Material for this exercise:
⟨
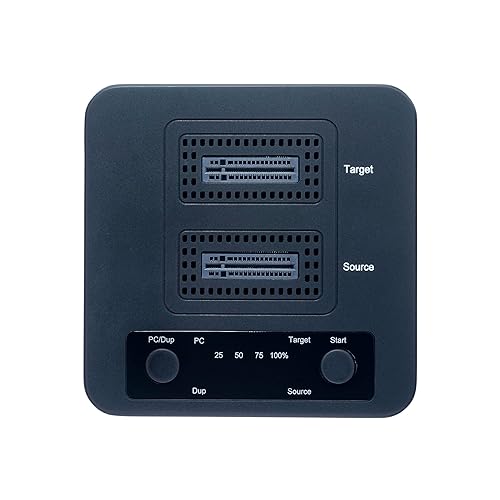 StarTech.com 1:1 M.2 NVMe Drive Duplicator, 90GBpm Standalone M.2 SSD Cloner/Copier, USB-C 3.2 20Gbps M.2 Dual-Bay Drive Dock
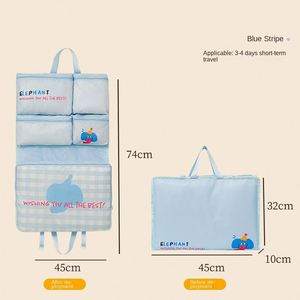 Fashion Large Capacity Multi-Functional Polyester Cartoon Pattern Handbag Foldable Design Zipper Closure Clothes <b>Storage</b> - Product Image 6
⟩
⟨
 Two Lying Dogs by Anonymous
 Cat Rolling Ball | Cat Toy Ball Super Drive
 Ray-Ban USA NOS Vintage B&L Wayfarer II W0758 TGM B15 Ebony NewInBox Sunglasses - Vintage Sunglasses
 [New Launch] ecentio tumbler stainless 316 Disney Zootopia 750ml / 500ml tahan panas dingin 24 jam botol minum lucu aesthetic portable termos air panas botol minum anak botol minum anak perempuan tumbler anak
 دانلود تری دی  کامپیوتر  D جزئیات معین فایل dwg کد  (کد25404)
⟩
⟨
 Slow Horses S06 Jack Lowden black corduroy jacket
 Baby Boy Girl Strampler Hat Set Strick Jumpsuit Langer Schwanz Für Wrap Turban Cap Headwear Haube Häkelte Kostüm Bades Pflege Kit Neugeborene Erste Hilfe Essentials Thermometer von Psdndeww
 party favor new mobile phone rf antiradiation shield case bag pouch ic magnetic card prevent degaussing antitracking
⟩
Exercise aim: Print nothing except the lines above from the one containing "StarTech.com 1:1 M.2" down to the one containing "Fashion Large Capacity", both included, exactly as written and free of pictures.

Exercise response:
 StarTech.com 1:1 M.2 NVMe Drive Duplicator, 90GBpm Standalone M.2 SSD Cloner/Copier, USB-C 3.2 20Gbps M.2 Dual-Bay Drive Dock
 Fashion Large Capacity Multi-Functional Polyester Cartoon Pattern Handbag Foldable Design Zipper Closure Clothes <b>Storage</b> - Product Image 6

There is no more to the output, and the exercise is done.